An actress who said she was duped into appearing in an anti-Islam film that stoked violent protests against the United States across the Muslim world lost on Friday her second legal bid to force the video off YouTube.
Denying a request by actress Cindy Lee Garcia for a court order requiring the popular online video site to remove the crudely made 13-minute clip, a federal judge found she was unlikely to prevail on her claims of copyright infringement.
U.S. District Judge Michael Fitzgerald of Santa Clara, California, also canceled a Dec. 3 hearing he had previously set for oral arguments over Garcia’s request.
Garcia’s lawyer, Cris Armenta, told Reuters she planned to appeal the decision.
The lawsuit, filed in September, names YouTube and its parent company Google Inc as defendants, along with the film’s producer.
A previous motion by Garcia for a temporary restraining order against YouTube’s continued posting of the video was rejected by a Los Angeles County Superior Court judge.
Garcia’s case was the first known civil litigation stemming from the video, billed as a film trailer, which depicts the Prophet Mohammad as a fool and a sexual deviant. The clip sparked a torrent of anti-American unrest in Egypt, Libya and dozens of other Muslim countries.

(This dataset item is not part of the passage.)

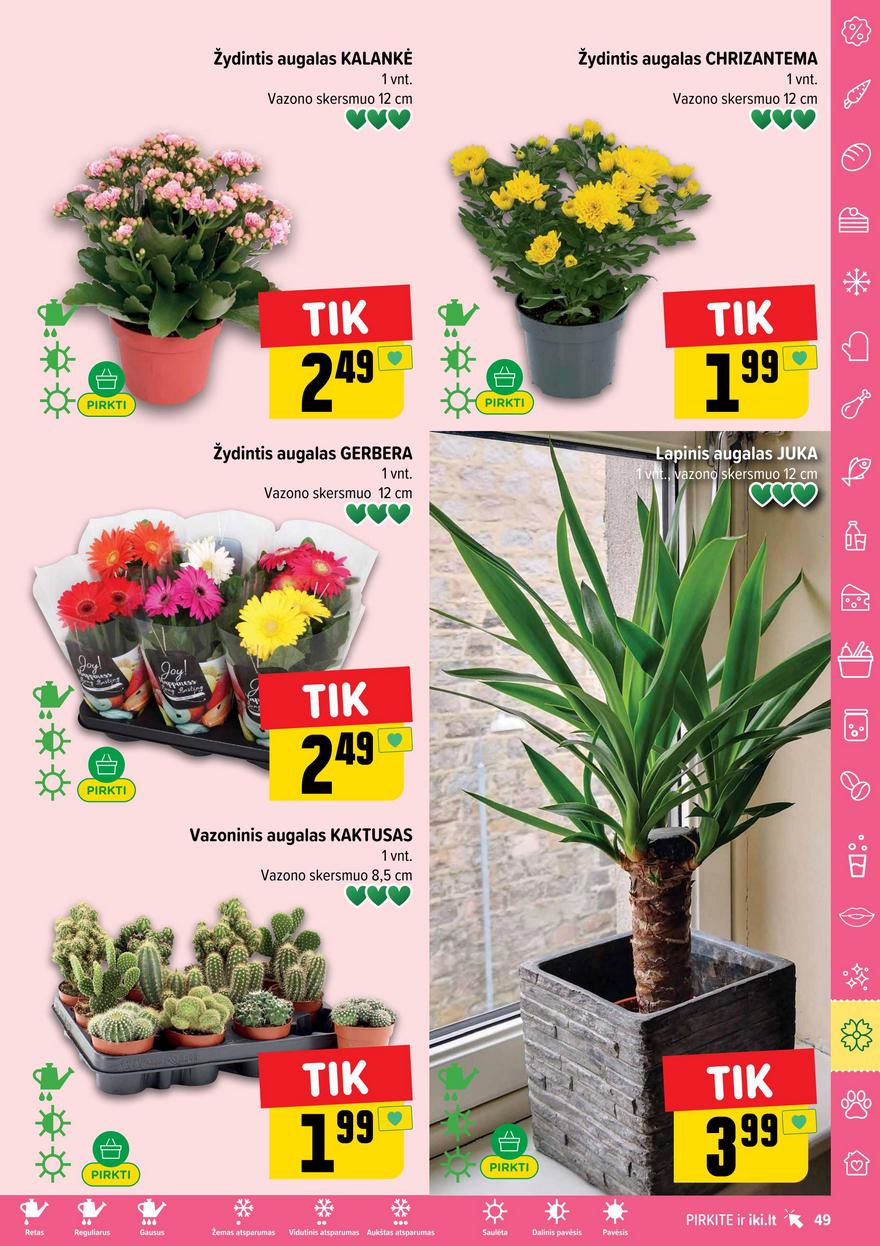 Iki leidinys 26 akcijos nuo 
  2025-06-23 iki 
  2025-06-29 | Leidinukas.lt puslapis 49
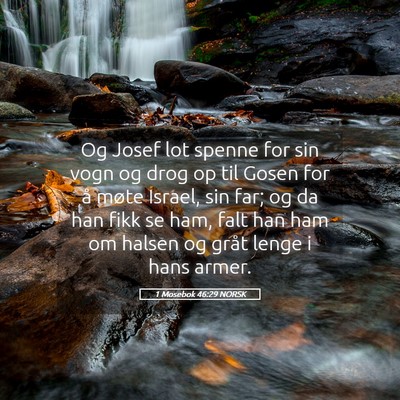 Picture 05 - 1 Mosebok 46:29 NORSK - Og Josef lot spenne for sin vogn og drog op til - Bible Verse Picture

The outbreak of violence coincided with an attack on U.S. diplomatic facilities in Benghazi in September that killed four Americans, including the U.S. ambassador to Libya.
For many Muslims, any depiction of the prophet is considered blasphemous.
Google has refused to remove the film from YouTube, despite pressure from the White House and others to take it down, though the company has blocked the trailer in Egypt, Libya and other Muslim countries.